[[ Data, beginning ]]

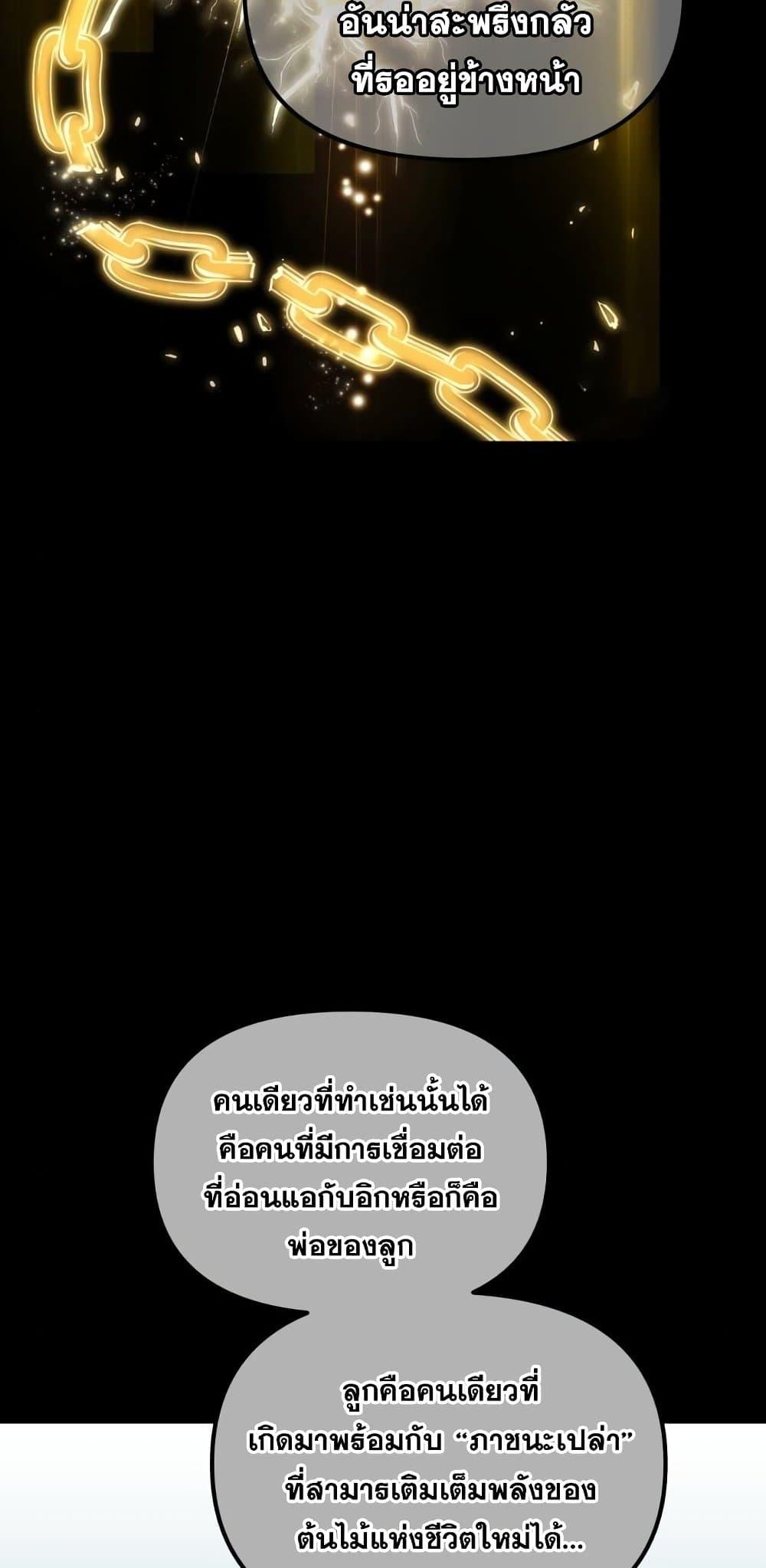 Reincarnation of the Suicidal Battle God ตอนที่ 76 แปลไทย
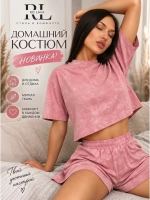 Костюм домашний с футболкой и шортами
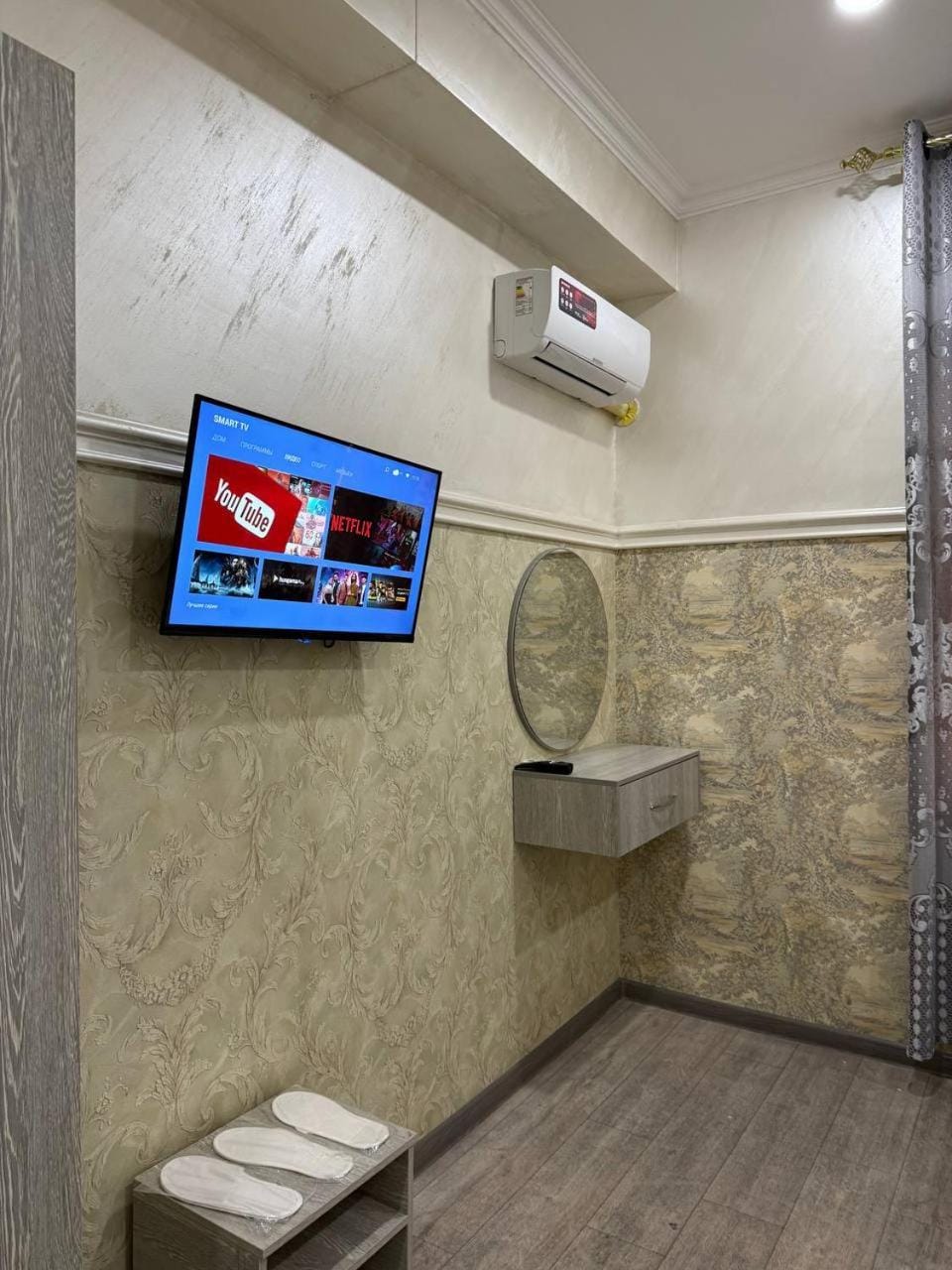 TV and multimedia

[[ Data, end ]]

# Exercise description:
The answer should match the data above word for word, with no pictures in it.

# Written response:
 Reincarnation of the Suicidal Battle God ตอนที่ 76 แปลไทย
 Костюм домашний с футболкой и шортами
 TV and multimedia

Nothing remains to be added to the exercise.